Tuesday, January 11, 2011

The Druids of Dwimmermount (Part I)

From The Strategic Review, Volume 2, No. 1 (February 1976)
I've had very mixed feelings about the druid class for a long time, in part because, in all my years of playing Dungeons & Dragons, I've only ever refereed a single long-running druid PC (and he started out as a magic-user who, through a badly-worded wish -- "I wish I could cast druid spells. -- became a druid). The other part of it is that I've never been happy with their popular portrayal among gamers as beneficent environmentalists. Perhaps I simply enjoyed De Bello Gallico too much in high school, I don't know, but, for whatever reason, I've always viewed the druids as somewhat sinister, a view that much later received some support from OD&D's Supplement I, where druids are a type of human "monster" served by barbarian followers. And then there's the alignment chart above, in which druids, while still Neutral tend toward Evil (and Lawful Evil to boot).

The take on druids I've adopted in the Dwimmermount campaign ties into the alignment system I've adopted, where I make a distinction between Neutral and Neutral (Balance), with druids being associated with the latter.
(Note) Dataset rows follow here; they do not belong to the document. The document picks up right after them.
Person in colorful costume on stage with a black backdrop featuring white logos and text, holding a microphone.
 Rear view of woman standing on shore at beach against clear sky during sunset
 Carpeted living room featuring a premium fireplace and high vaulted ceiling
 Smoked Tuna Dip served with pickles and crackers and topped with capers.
And then there's the oft-forgotten note in later printings of the LBBs, which stipulates that "Clerics of 7th level and greater are either 'Law' or 'Chaos'." I've been intrigued by this obscure comment since I first came across it several years ago and, as I pondered it, I thought it an interesting if the order of druids was composed of former clerics, who apostatized from their original faiths and joined this Nature cult. Consequently, druids use the same XP and spell charts as clerics, although their spell selection, armor and weapon restrictions, and other abilities are somewhat different.
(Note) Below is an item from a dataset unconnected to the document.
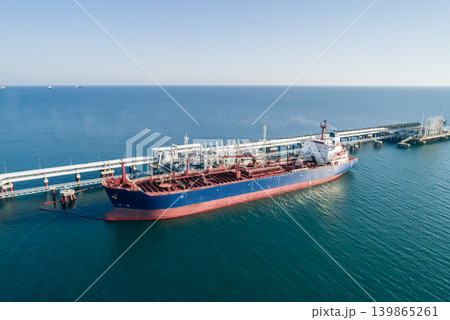 Aerial view of a large oil tanker docked at a pier in the port in process of loading. Aerial view of a large oil tanker docked at a pier in the port in process of loading. 139865261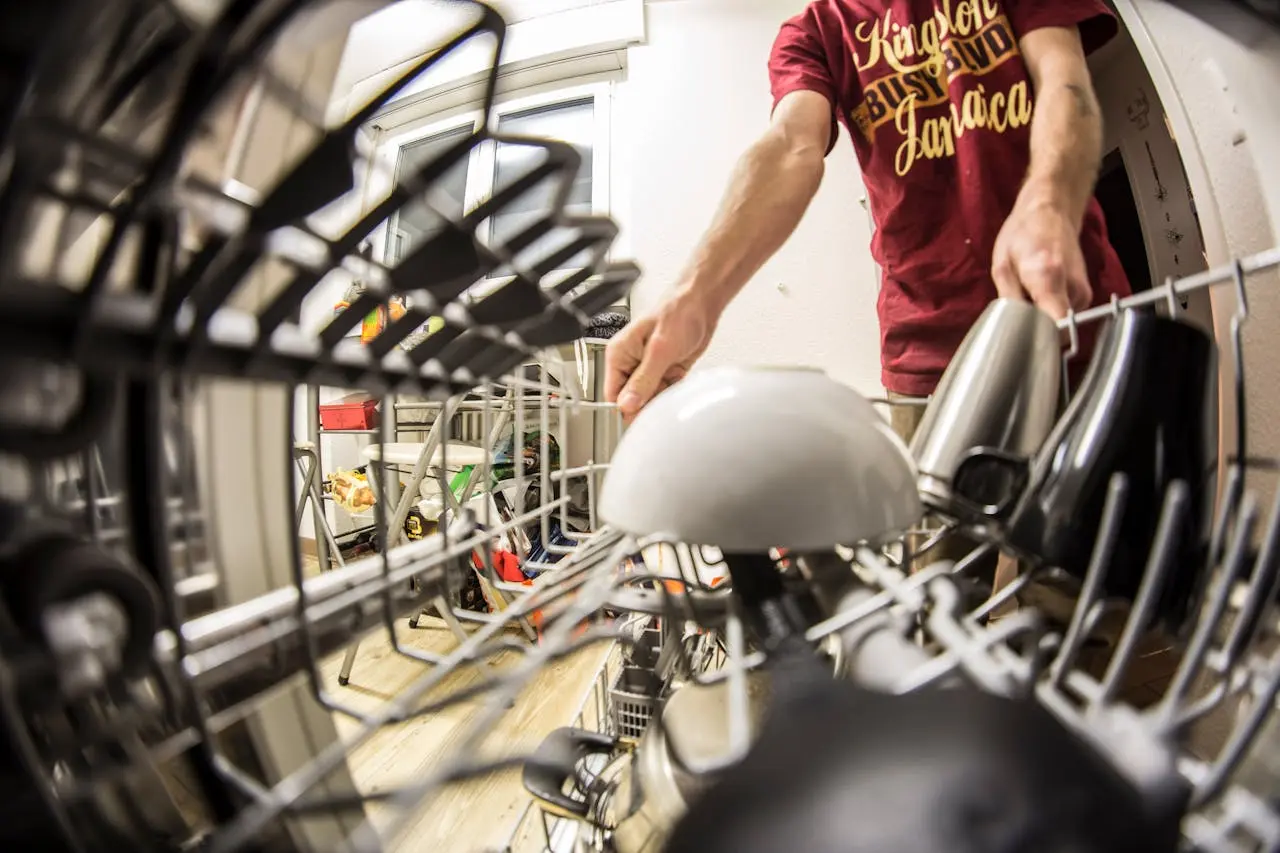 A close-up shot of a man loading his dishwasher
Clerics can become druids at any level, but the higher the level of the cleric who joins their order, the more power he gains from doing so (as explained in Part II). For this reason, clerics view druids with extreme distrust and often hatred, seeing them both as apostates and as competitors. Druids are thus unwelcome in
The friendly face of Nature
many civilized realms; they generally live and exert their influence in the wilds and among barbarian peoples. Lawful folk consider their philosophy of Balance inhuman, especially since it often involves the sacrifice of human beings to appease elemental powers.

Below is a listing of the thirteen druid level titles. I'll post more specific details on the class in Parts II and III, which I'll put up tomorrow and Thursday of this week. I worked these details up several months ago when it looked like the druids and their place in the world would become an important part of the campaign. That never happened, but who knows what the future holds? When and if the druids do appear, it's possible that I'll alter my initial ideas as better ones come to me through play. For the moment, though, I thought people might enjoy seeing what I'd originally imagined.
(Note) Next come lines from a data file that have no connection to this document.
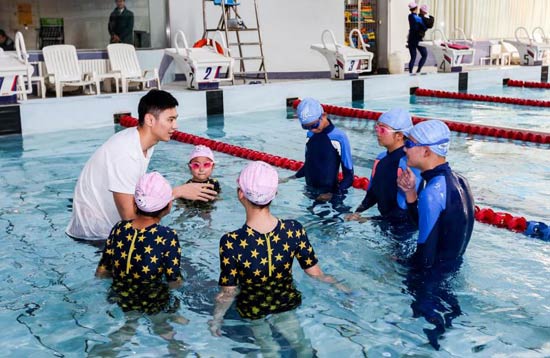 图为著名游泳运动员、“青春公益大使”宁泽涛为先心病康复患儿上游泳课。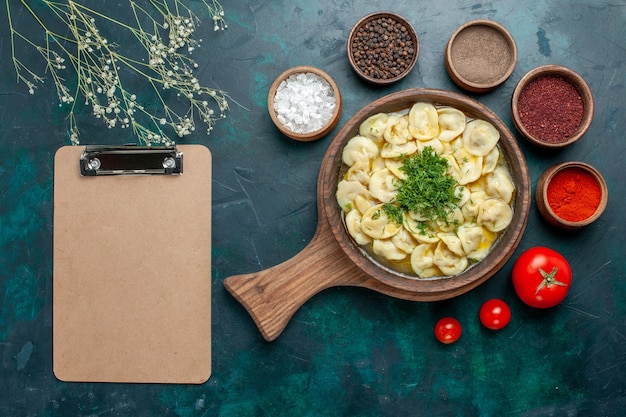 Draufsicht köstliche Knödelsuppe mit Gewürzen auf grüner Schreibtischnahrung Fleischgemüseteig-Suppe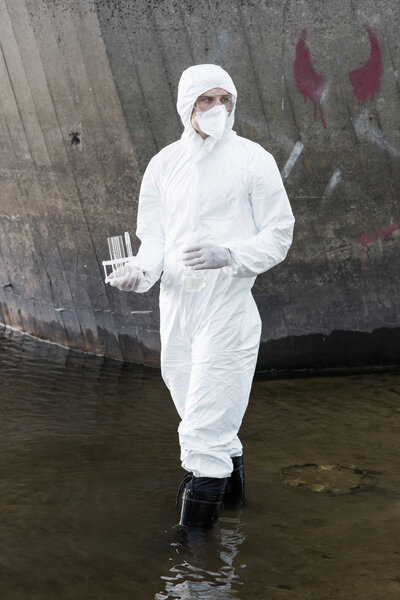 full length view of water inspector in protective costume and respirator holding test tubes and flask at river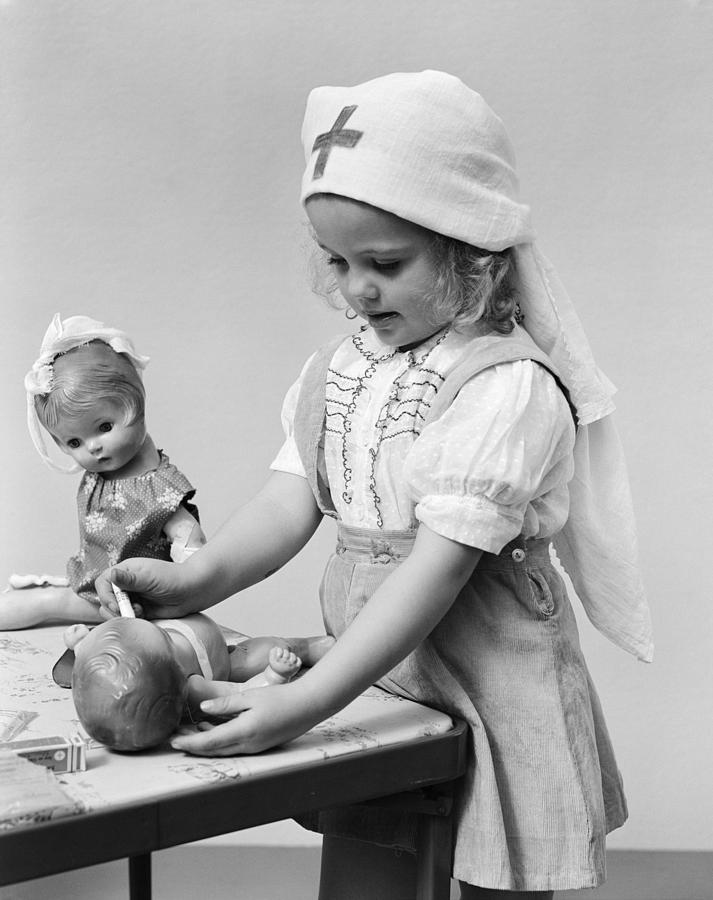 Child Playing Doctor With Dolls, C.1940s Photograph by H. Armstrong Roberts/ClassicStock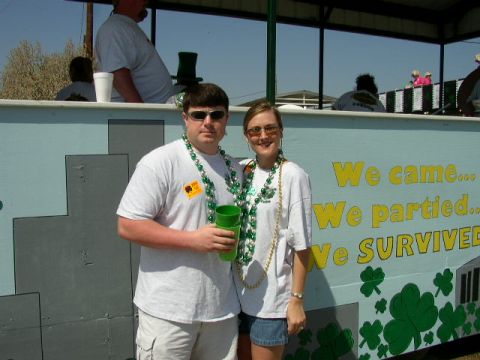 1995 Ford Bronco - Couple poses in front of a wall decorated with shamrocks and text about partying.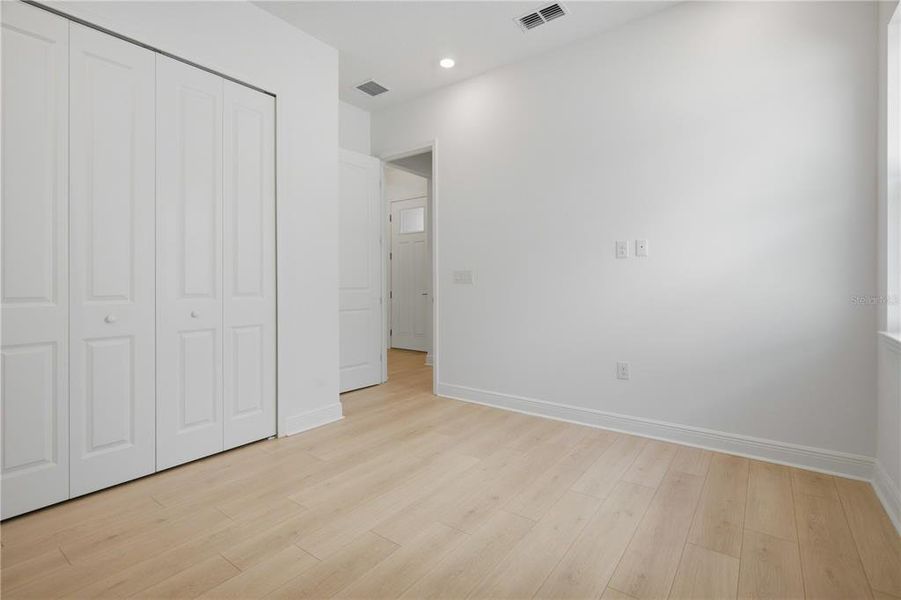 Spacious, unfurnished interior of a new home in Bella Collina, Montverde (Image 24).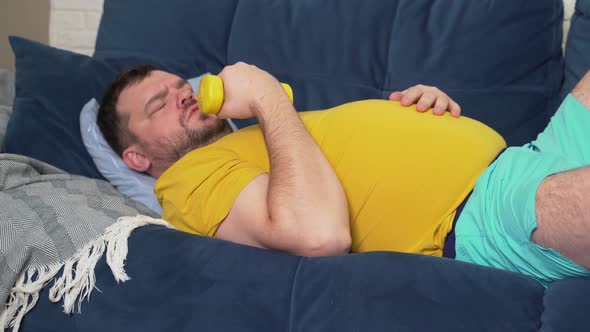 Funny Fat Man is Actively Engaged in Fitness with Yellow Small Dumbbells alt
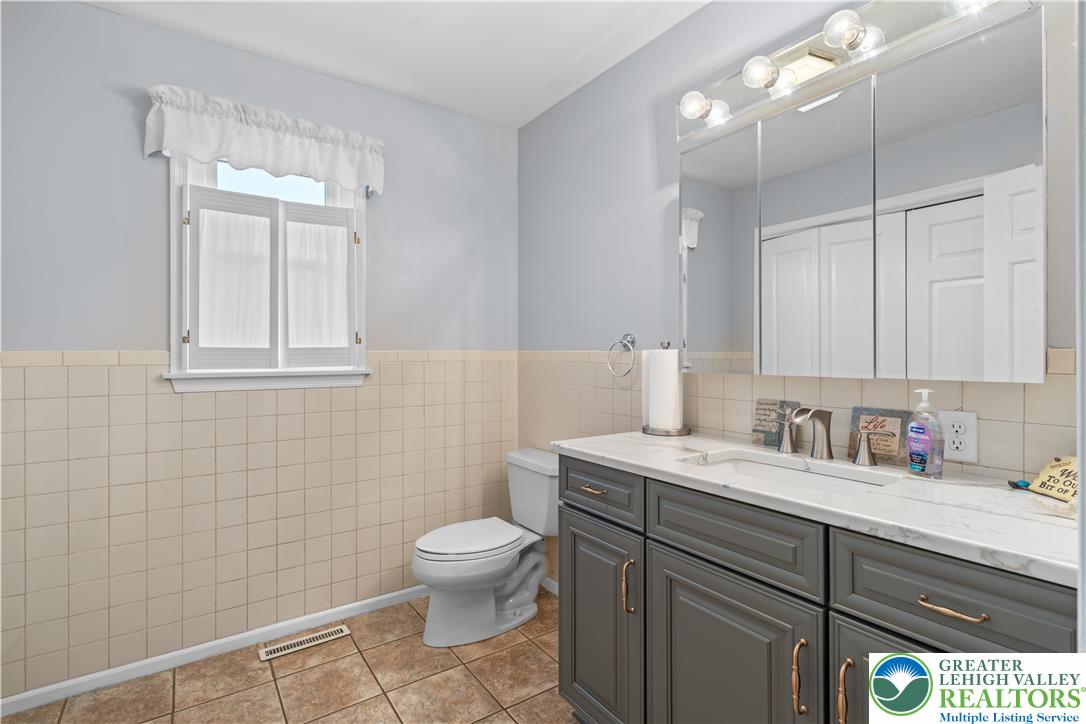 2702 Northampton Street Bethlehem, PA 18020 - Photo 23 of 51 a bathroom with a sink a toilet and mirror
The text in the quote box below is hereby designated Open Game Content via the Open Game License.

Druid Title
Initiate of the First Degree
Initiate of the Second Degree
Initiate of the Third Degree
Initiate of the Fourth Degree
Initiate of the Fifth Degree
Initiate of the Sixth Degree
Initiate of the Seventh Degree
Initiate of the Eighth Degree
Initiate of the Ninth Degree
Master Druid
High Druid


  1. "...I've never been happy with their popular portrayal among gamers as beneficent environmentalists. Perhaps I simply enjoyed De Bello Gallico too much in high school, I don't know, but, for whatever reason, I've always viewed the druids as somewhat sinister,..."

    Yes! That mirrors my own frustrations with the portrayal of druids in D&D and your more sinister is similar to the one I used "way back when." Your interpretation of druids as apostate clerics open intriguing possibilities: perhaps they've had a revelation that the gods of Law and Chaos are all false, or alien invaders, and that the worship of "Nature" represents a return to the "authentic religion" of this world.

    Regardless, I hope your campaign takes a turn toward their involvement, since I'd love to see how your ideas play out in practice.

  2. When druids regularly put people into wicker cages and set them on fire, they've got the right vibe.

  3. You should play in our AD&D2e campaign then. The druids, after over 6 years of play, have earned a reputation as largely alien in motivations and more often than not a double edged sword when they are encountered or sought out.

    I've always been a fan of one of the very few truly good ideas that came out of TSR's Complete Druid's Guide, the idea of the "Shadow Circle." A secret sect within the druidic organization that has decided that civilization itself is adversly affecting the balance and so seeks to topple it. They are composed of druids who are part of the mainstream order, but who convene in secret hidden behind masks and completely unaware of the identity of each other. So one could actually be the Arch Druid and nobody would ever be the wiser for it.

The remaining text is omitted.